We can see the worst for all test jobs is "debug xpcshell for Win7" with 106.18 minutes on average. Up until now it was "optimized xpcshell Win7x64" with 79.95 minutes (probably if we had debug on Win7x64 it would be even worst).
It is also noticeable on the list of worst three offenders for each platform that xpcshell only appears for Windows. That leads me to other questions.

Xpcshell on Windows
  • What would the world look without xpcshell? (or a shorter run of it)
Table 2 - Let's not count xpcshell at all for Windows.
If we remove xpcshell for Windows in our calculations we can see that there is a new worst offender for each platform combination. For instance, for Windows 7 debug type jobs we have "mochitest-other" as the test job that would take the longest. Instead of taking 106.18 mins for having a complete Windows debug coverage we would then only have to wait less than an hour; this is a decrease of 45% which is not bad!!

Let's look now at what would the worst time for all test jobs for any platform look like with and without xpcshell being considered.
Table 3 - Test coverages completion for all platforms
Currently, we wait close to 80 minutes to have a complete coverage for Windows (well, kind of as we don't really pay too much attention to Win7x64 - yet).
If Win7 debug unit tests replace the Win2003 debug unit tests we would have to wait a 32.81% more to have complete Windows coverage. That is not good!
In the last two rows of the previous table you can see that if xpcshell was ignored the new worst offender would be Fedora mochitest-4 debug and developers would wait close to 10% less (not really as build times are in favor of Linux) regardless on where we run Windows unit tests (IX/VMs vs minis). This means that Windows would not be anymore on the way to have full platform coverage (not really as the worst build times are for Windows) but Linux.

Xpschell on all platforms
  • How horribly does Windows compare to other platforms when running xpcshell?
Quite bad.
Let's look at the following chart:
You can easily see that every other platform besides Windows ( BLUE ) takes less than 30 minutes. Debug unit tests on the IX machines takes around 40 minutes while on the minis can take up to 100 minutes.
Something makes running xpcshells very very slow on Windows.
All other suites on Windows are not as dramatically as bad as we can see the gains when not considering it (45% gain on debug unit tests completion for Win7).
Ehsan suggested me to determine if xpcshell is going this slow because I/O by looking at the CPU usage that Windows provides.
If it is the reason or not someone needs to look at how to improve it by either fixing some underlying code or breaking xpcshell for Windows into two-three pieces to make it finish on the same range as other test suites.

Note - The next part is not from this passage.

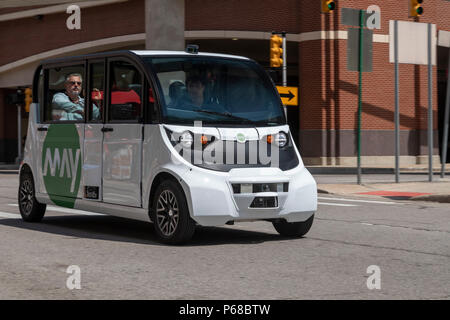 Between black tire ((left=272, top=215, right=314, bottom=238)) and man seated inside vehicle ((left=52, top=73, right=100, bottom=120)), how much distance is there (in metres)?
3.01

As you might have noticed, this post is only considering at the times for complete coverage considering all platforms finished at the same time. This is not our reality as each platform takes a different time to finish a build (Windows debug is dramatically slow). This is worth another blog post and will be the basis for improving the left side of the equation (the build times) rather than the right side (the tests times).

This post is to be informative and to help us discover that we can improve the infrastructure even more. After we complete off-loading the builders from unit tests jobs into the minis we have to think of improving the suites, where instead could we run the test jobs, how we can make our builds even faster and others.

We face these new problems because we have stretched our infrastructure and to solve them we will have to reconsider many assumptions and keep on adding tools to allow us make better decisions.

Please don't expect me to do such detailed blog posts as they are quite time consuming. I should finish my goals first!

Questions welcome.

[1] Spreadsheet and charts

Creative Commons License

1 comment:

  1. To note that the reporting system has been built on top of the information of our schedulerDB that catlee, nthomas and anamarias had been working on before ssalbiz. In later quarters some of this information will be made available to interested parties to help them understand our systems.